Problem details>
From the first line to the last, please reproduce the material exactly, skipping the pictures.

Data extracts>
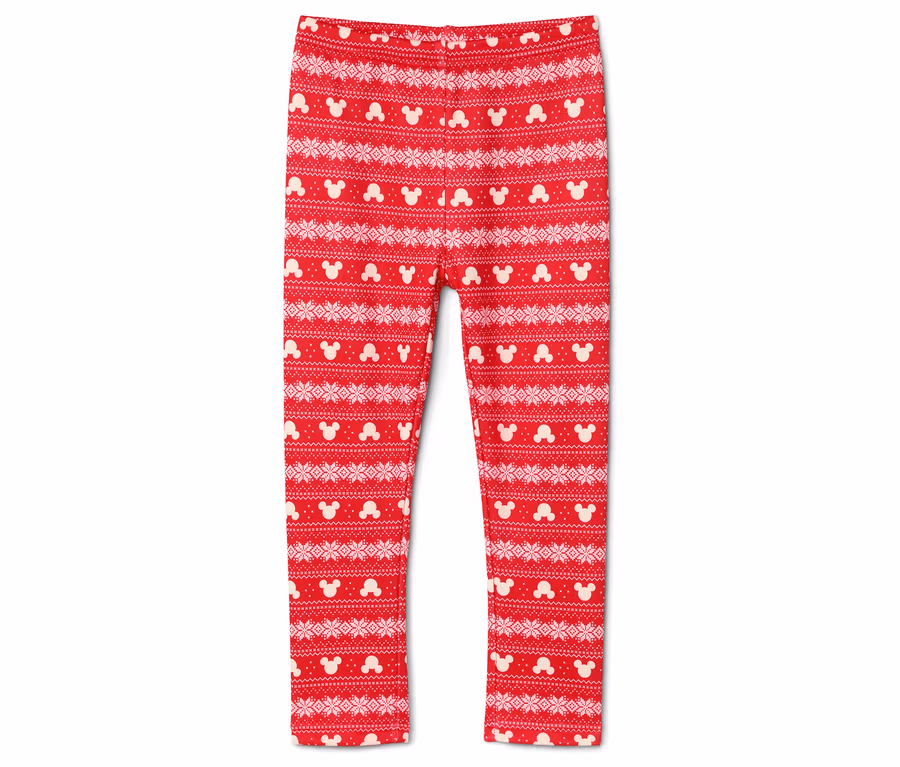 Rote Leggings mit weißem Muster aus Mickey Mouse und Schneeflocken.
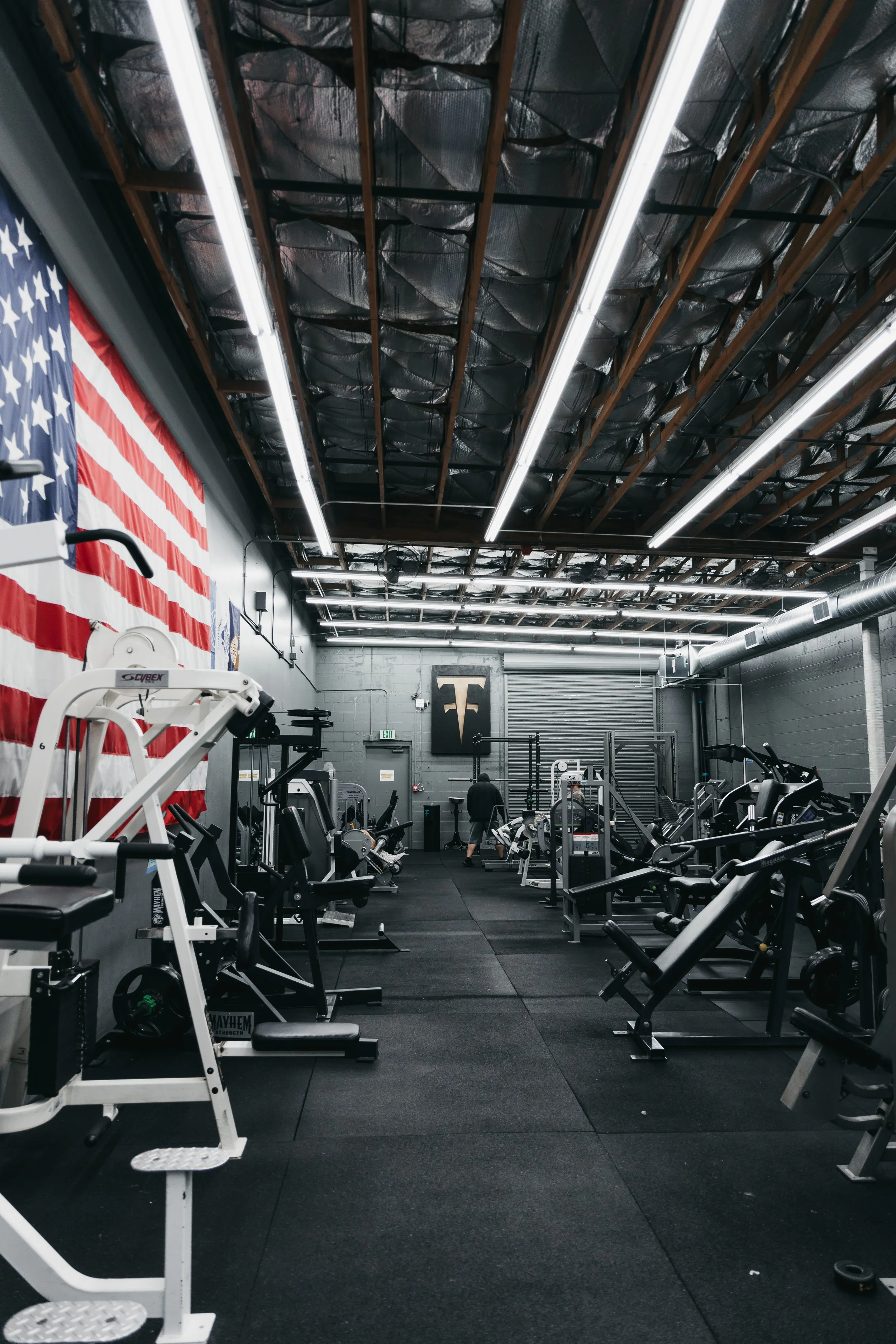 Interior of a gym with fitness equipment, a large American flag on the wall, and a logo on the wall, with high ceilings and industrial lighting.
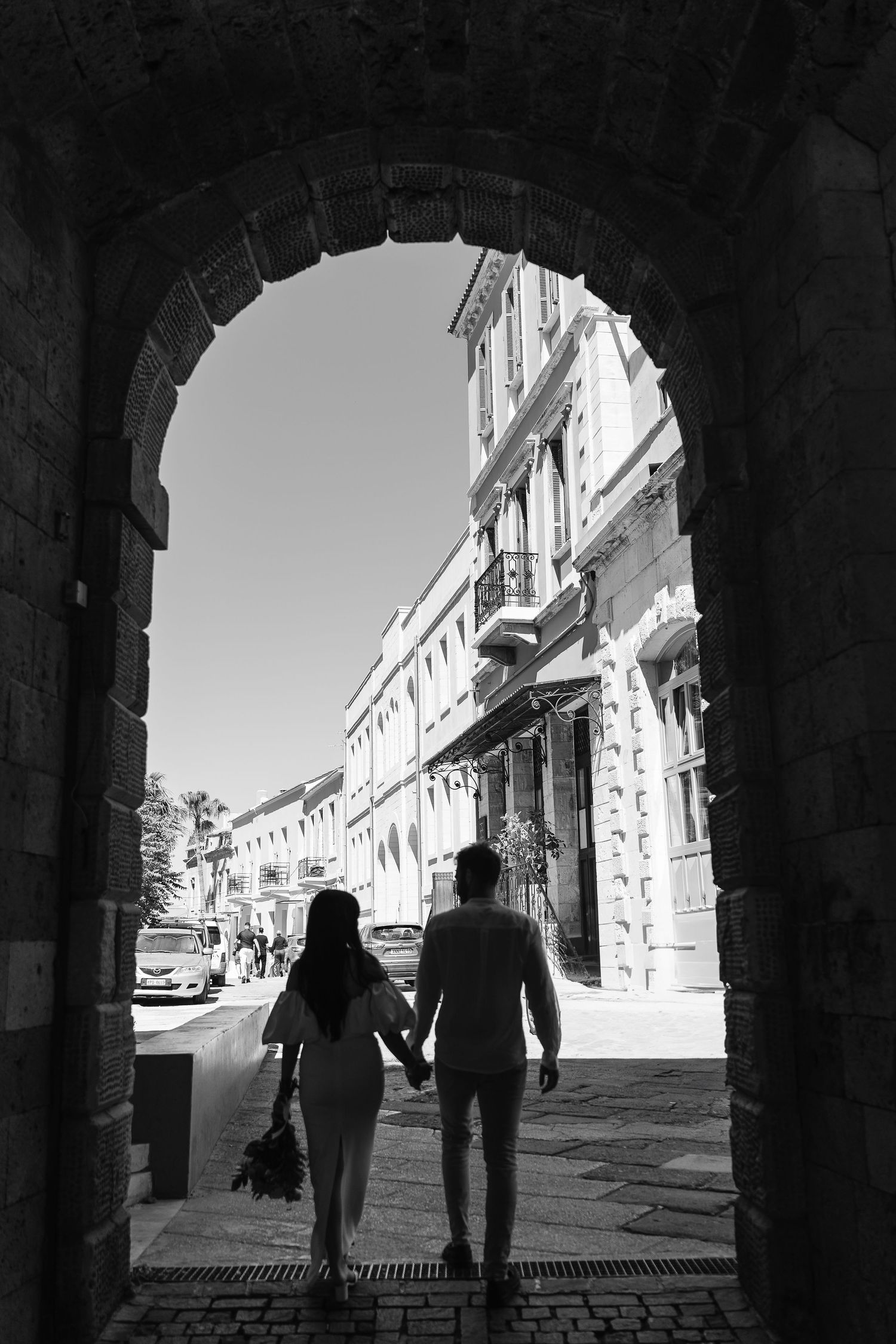 Black and white silhouette of couple holding hands walking through historic stone arch gateway.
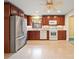 Open kitchen boasts stainless steel appliances, granite countertops, and ample cabinet space at 2104 Stoneyridge Dr, Charlotte, NC 28214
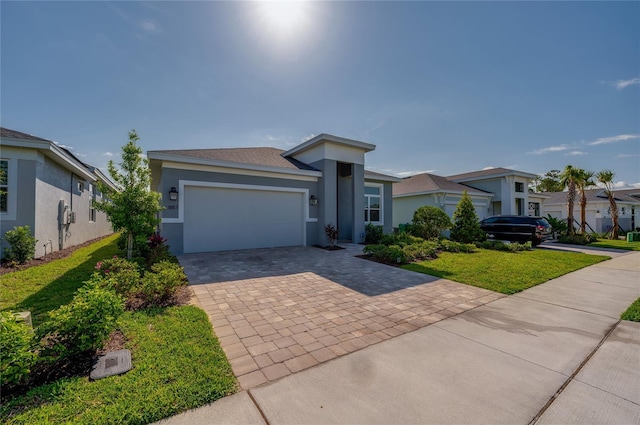 887 Lake Hill Way, Deland, FL 32724 - view of front of house featuring a garage, stucco siding, a front lawn, and decorative driveway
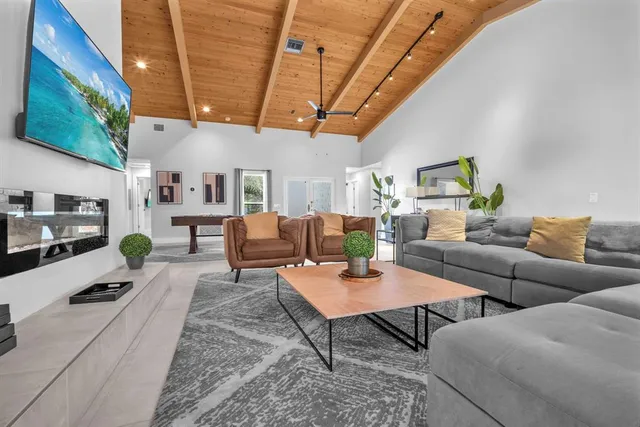 a living room with furniture and a chandelier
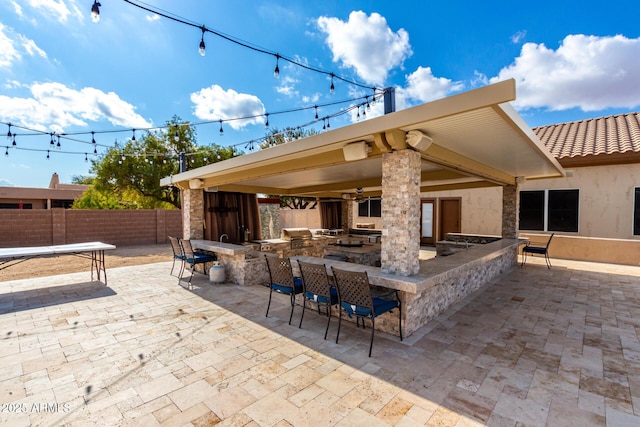 view of patio / terrace with exterior bar and exterior kitchen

Exercise solution>
 Rote Leggings mit weißem Muster aus Mickey Mouse und Schneeflocken.
 Interior of a gym with fitness equipment, a large American flag on the wall, and a logo on the wall, with high ceilings and industrial lighting.
 Black and white silhouette of couple holding hands walking through historic stone arch gateway.
 Open kitchen boasts stainless steel appliances, granite countertops, and ample cabinet space at 2104 Stoneyridge Dr, Charlotte, NC 28214
 887 Lake Hill Way, Deland, FL 32724 - view of front of house featuring a garage, stucco siding, a front lawn, and decorative driveway
 a living room with furniture and a chandelier
 view of patio / terrace with exterior bar and exterior kitchen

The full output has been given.